The official name of the Santa Rita Hills growing area is “Sta. Rita Hills.”
The Grinch who stole Christmas must have come up with that idea, since “Sta.” looks much more like an abbreviation for “Station” than “Santa.” But we’re not here to argue about abbreviations; we’re here to tell you about this eight-year-old appellation in California’s Santa Barbara County.
The flavor, intensity and complexity of Sta. Rita Hills Pinot Noir and Chardonnay come from a combination of unique east-west coastal valleys, passionate winegrowers and modern winegrowing techniques. Cool weather, fog, wind and soils limit vine vigor and crop yield, and intensify the flavors of the resulting wines.
The two east-west oriented valleys are formed by the Purisima Hills to the north, the Santa Rosa Hills to the south, and the Santa Ynez River flowing between them to the nearby Pacific Ocean.

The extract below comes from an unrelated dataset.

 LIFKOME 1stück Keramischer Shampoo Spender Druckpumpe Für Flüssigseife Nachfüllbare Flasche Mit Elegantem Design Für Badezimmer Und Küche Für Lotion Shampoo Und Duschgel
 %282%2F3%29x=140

The valleys and hillsides represent some of the most incredible soils and unique climatic influences in the world.
Although the appellation contains a few of the more revered older Pinot Noir vineyards in the state, many of the vineyards are distinct from those older winegrowing areas. Because most of the vineyards have been planted in the last two decades, growers have been able to use modern trellising and newly available “cultivars” or clones of Pinot Noir and Chardonnay.

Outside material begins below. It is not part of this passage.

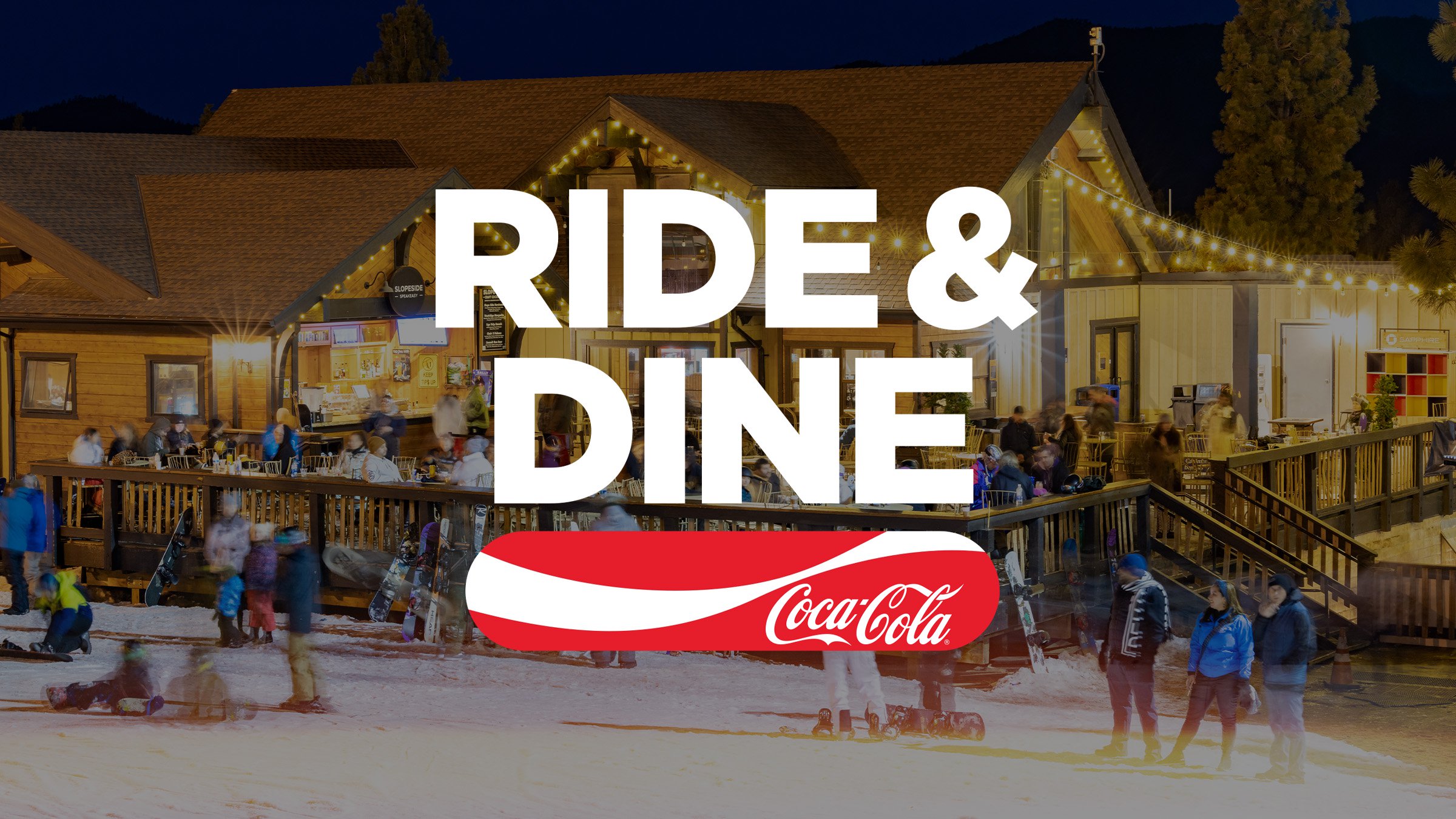 Coca-Cola Ride & Dine at Snow Summit — New Year's Day 2027 poster or cover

The Sta. Rita Hills appellation encompasses 30,720 acres, of which around 1,900 presently are planted to grapevines. Of that acreage, 81.4% is devoted to Pinot Noir and 16.8% to Chardonnay. Just about all of the rest is devoted to Syrah.
In Oregon’s Willamette Valley, one of the world’s great Pinot Noir regions, the wines exude earthy and tobacco-like qualities. In Sta. Rita Hills, dark berry and spice flavors dominate.
Expect to hear a great deal about this emerging appellation. Just remember that “Sta.” is short for “Santa.”